Answer with the exact lines of the following material from the one containing "JF monogram logo" through the one containing "Amazon Basics Kids'", both end lines included.

─── Records for processing

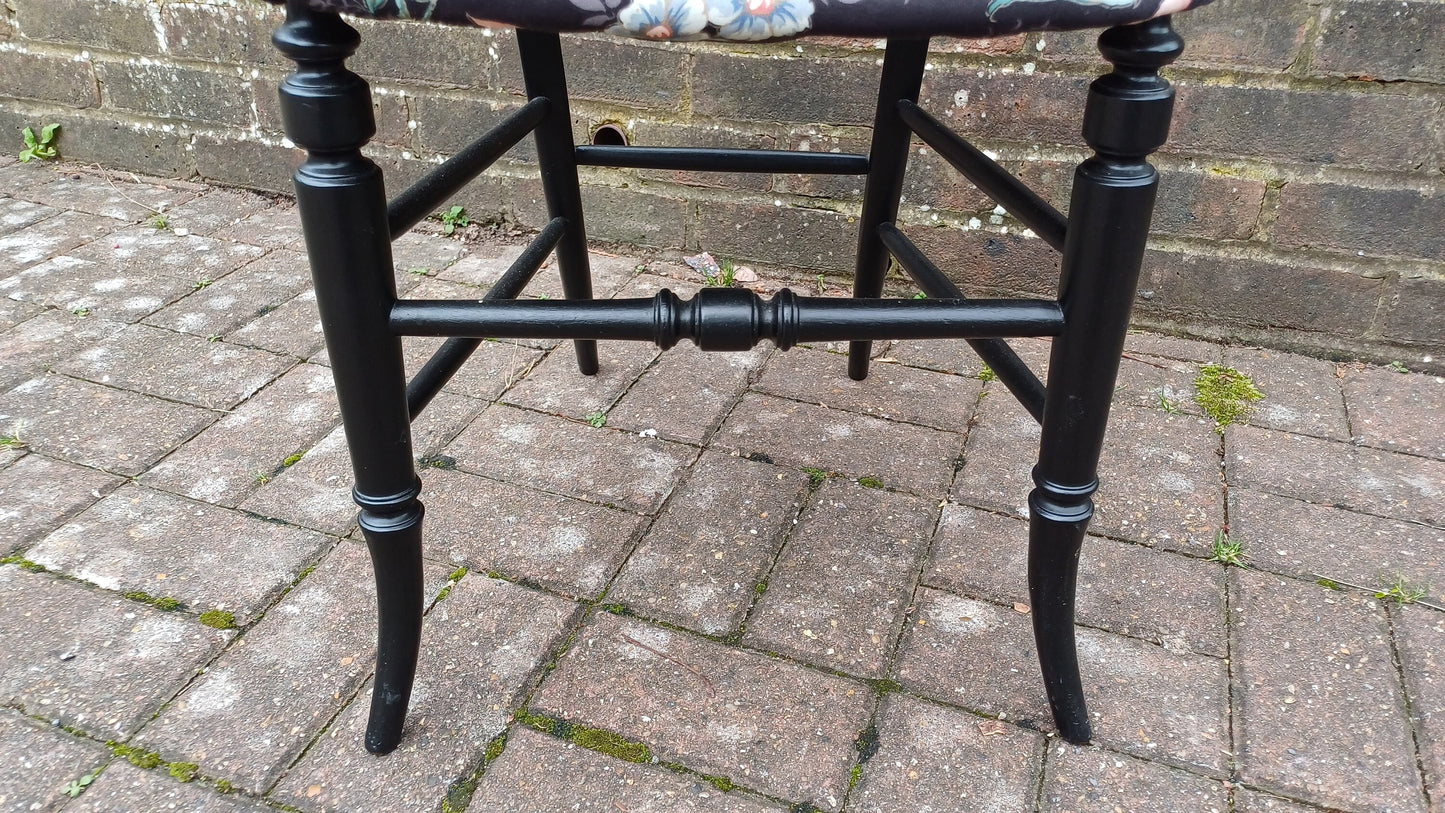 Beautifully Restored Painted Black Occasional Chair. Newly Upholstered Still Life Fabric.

──────
─── Records for processing

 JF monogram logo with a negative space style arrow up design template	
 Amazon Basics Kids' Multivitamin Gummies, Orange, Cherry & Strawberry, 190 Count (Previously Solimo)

──────
─── Records for processing

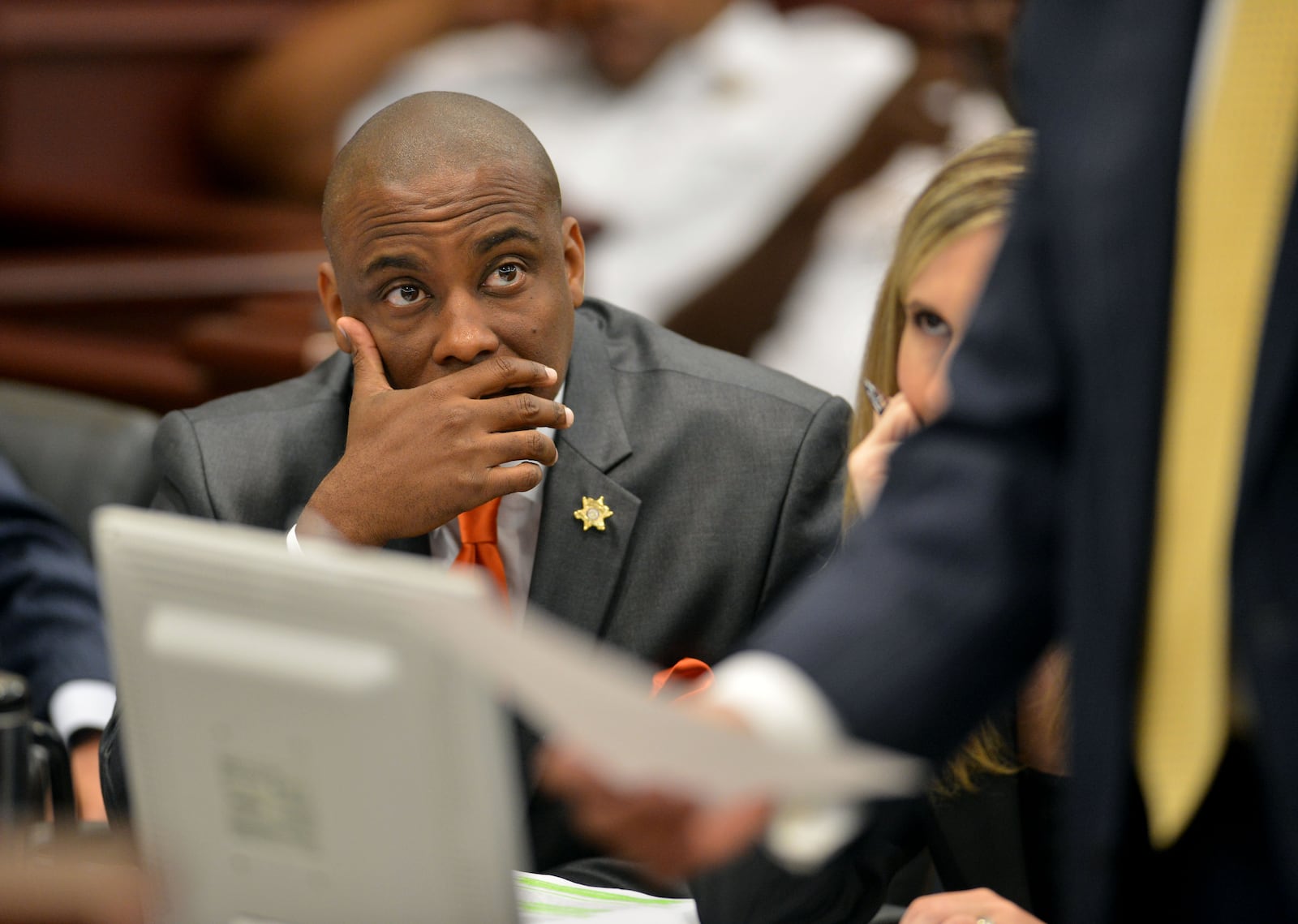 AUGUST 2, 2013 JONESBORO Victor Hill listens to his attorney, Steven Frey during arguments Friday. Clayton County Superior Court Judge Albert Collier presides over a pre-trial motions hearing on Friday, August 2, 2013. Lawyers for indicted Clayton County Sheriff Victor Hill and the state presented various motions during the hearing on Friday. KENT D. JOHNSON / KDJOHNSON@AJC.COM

──────

(Result for this exercise):
 JF monogram logo with a negative space style arrow up design template	
 Amazon Basics Kids' Multivitamin Gummies, Orange, Cherry & Strawberry, 190 Count (Previously Solimo)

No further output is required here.